SMARCE1 is a gene involved in chromatin remodeling, which affects how DNA is packaged and how genes are turned on or off. Mutations in SMARCE1 are strongly associated with clear cell meningioma, especially in younger patients.

SMARCE1 status can be assessed by DNA sequencing to detect mutations and by immunohistochemistry to evaluate nuclear expression of the SMARCE1 protein.
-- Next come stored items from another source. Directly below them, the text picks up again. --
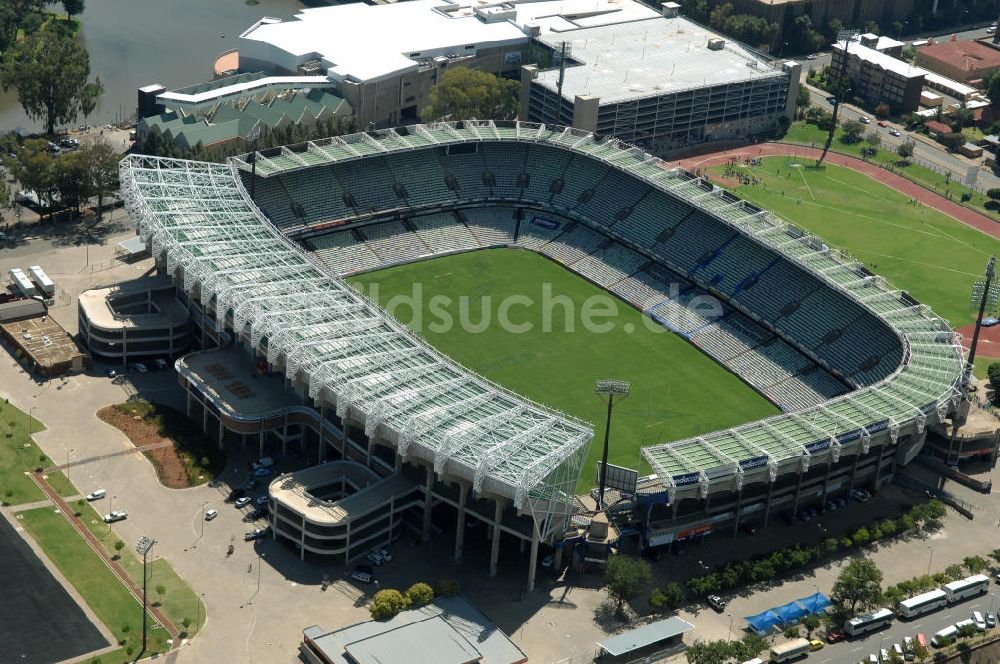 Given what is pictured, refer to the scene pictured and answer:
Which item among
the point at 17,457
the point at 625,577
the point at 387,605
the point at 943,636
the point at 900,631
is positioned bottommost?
the point at 900,631

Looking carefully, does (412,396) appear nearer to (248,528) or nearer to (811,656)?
(248,528)

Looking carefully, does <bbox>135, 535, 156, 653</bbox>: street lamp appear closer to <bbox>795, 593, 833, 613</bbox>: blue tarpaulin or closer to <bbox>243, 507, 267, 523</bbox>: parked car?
<bbox>243, 507, 267, 523</bbox>: parked car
Loss of nuclear SMARCE1 staining in tumor cells supports a diagnosis of clear cell meningioma. The report may also state whether a SMARCE1 mutation was identified.

BAP1 and PBRM1

BAP1 and PBRM1 are tumor suppressor genes that are involved in chromatin regulation. Loss or mutation of BAP1 is associated with rhabdoid and some high-grade meningiomas and is linked to the BAP1 tumor predisposition syndrome, which includes a risk of other cancers. PBRM1 mutations are enriched in papillary meningiomas and may be associated with aggressive behavior.

These genes can be evaluated by next-generation sequencing for mutations and by immunohistochemistry to assess protein expression in tumor cell nuclei.

The report may describe loss of BAP1 expression or PBRM1 mutation as high-risk features associated with more aggressive meningiomas. Loss of BAP1, particularly, supports a more malignant behavior and may prompt closer follow-up.

Prognosis

The prognosis for meningioma depends on many factors, including WHO grade, histologic subtype, tumor location, extent of surgical removal, and molecular features.

• WHO grade 1 tumors generally have an excellent prognosis, especially when completely removed, but they can recur, especially in difficult locations.

• WHO grade 2 tumors have a higher risk of recurrence and may require radiation therapy after surgery.

• WHO grade 3 tumors are aggressive, often recur quickly, and carry a higher risk of metastasis and mortality.

Molecular features such as TERT promoter mutations, CDKN2A/CDKN2B deletions, and complex chromosomal changes are associated with worse outcomes and can help refine prognosis within each grade.

What happens after the diagnosis?

After a meningioma is diagnosed, your care team will discuss treatment options with you. In many cases, the main treatment is surgery to remove as much of the tumor as safely possible. For tumors that cannot be fully removed, or for higher-grade tumors, radiation therapy may be recommended. Some patients may be monitored with regular imaging if the tumor is small, not causing symptoms, or located in an area where surgery would be risky.

It is increasingly important that meningiomas undergo molecular testing for biomarkers such as TERT promoter status and CDKN2A/CDKN2B deletion, especially in atypical or anaplastic tumors or those that behave aggressively. These results can influence grading, prognosis, and eligibility for clinical trials or targeted therapies. Your doctors will also consider factors such as your age, general health, and preferences when planning treatment and follow-up.

Questions to ask your doctor

• What is the WHO grade and histologic subtype of my meningioma?

• Was the tumor completely removed, or is there residual tumor remaining?

• Are there any high-risk features, such as brain invasion, high mitotic count, or necrosis?

• Were any molecular changes, such as TERT promoter mutation, CDKN2A/CDKN2B deletion, or NF2 mutation, identified?

• Do you recommend radiation therapy or other treatments in addition to surgery?

• How often will I need imaging and follow-up visits?

• What symptoms should I watch for that might suggest recurrence?

• Are there any clinical trials or targeted therapies that might be appropriate for my type of meningioma?